Kentucky Transportation Cabinet (KYTC) officials defended a bi‑state agreement that will mirror an Indiana Finance Authority contract with HNTB to provide tolling advisory services for the Louisville bridges, and the legislature’s contracts review committee approved the KYTC item after lengthy questioning.
Amanda Spencer, assistant state highway engineer with KYTC, explained that the original contract was competitively procured with both states participating and that Kentucky’s role is a contractual mirror so the Commonwealth can pay its share under a bi‑state management agreement. KYTC said the $7.2 million figure is an upper limit and that the agency only uses what is needed.
Senator Meredith questioned the arrangement and the ongoing use of the RiverLink brand, citing prior criticism that toll collections left “millions upon millions of dollars” uncollected. “I’m voting no today,” Meredith said, adding she wanted the committee to “send a message” that vendors be held to higher performance standards.
KYTC replied that HNTB serves as toll services adviser and helps oversee back‑office and roadside vendors. “My professional opinion … is that they have helped us improve very much,” the KYTC representative said, noting improvements in customer service wait times and revenue performance.

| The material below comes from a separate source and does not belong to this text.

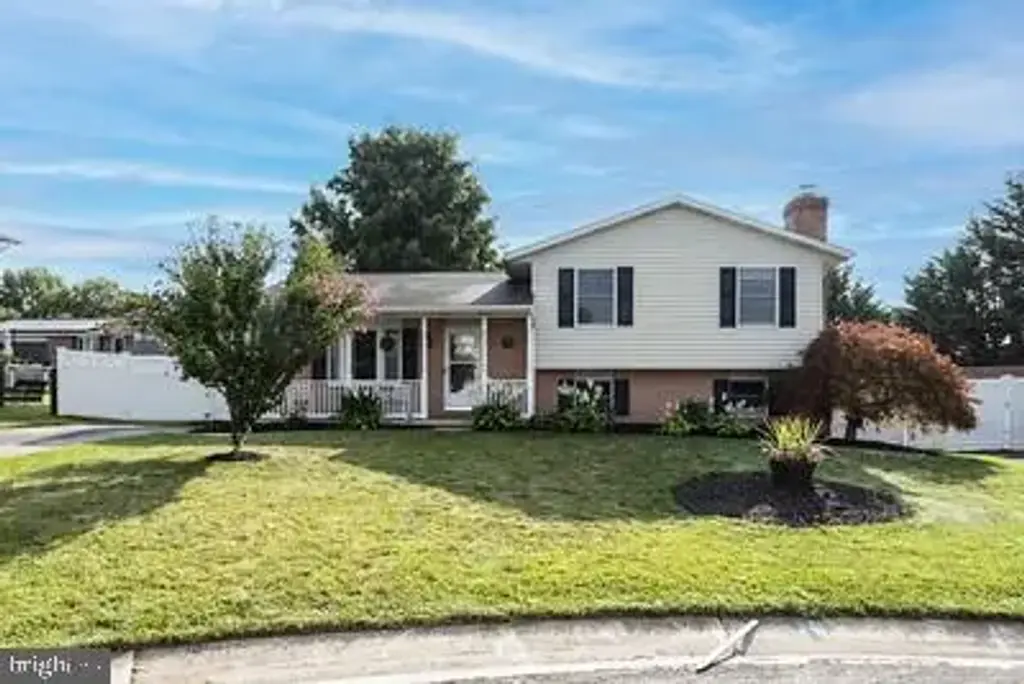 55 Bonfire Ct, WESTMINSTER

Several committee members explained their votes after the roll call. Representative Rorke said he would vote aye after learning revenues had outperformed expectations, while other legislators said a no vote registered continuing dissatisfaction with vendor performance. The committee moved the contract forward; members said the vote should not be read as endorsement without continued oversight.

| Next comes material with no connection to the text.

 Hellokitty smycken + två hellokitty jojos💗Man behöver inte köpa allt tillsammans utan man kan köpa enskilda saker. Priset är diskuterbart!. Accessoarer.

Why it matters: The contract governs technical oversight of tolling for multistate infrastructure that affects commuters in Louisville and southern Indiana and involves revenue collection that funds debt service and operations. Several lawmakers signaled ongoing concern about collection effectiveness and customer service even as agency leaders said metrics have improved.
What’s next: The contract was advanced by the committee; members called for the cabinet to provide additional information on bidder lists and collection metrics in follow‑up, and several legislators said they would monitor vendor performance closely.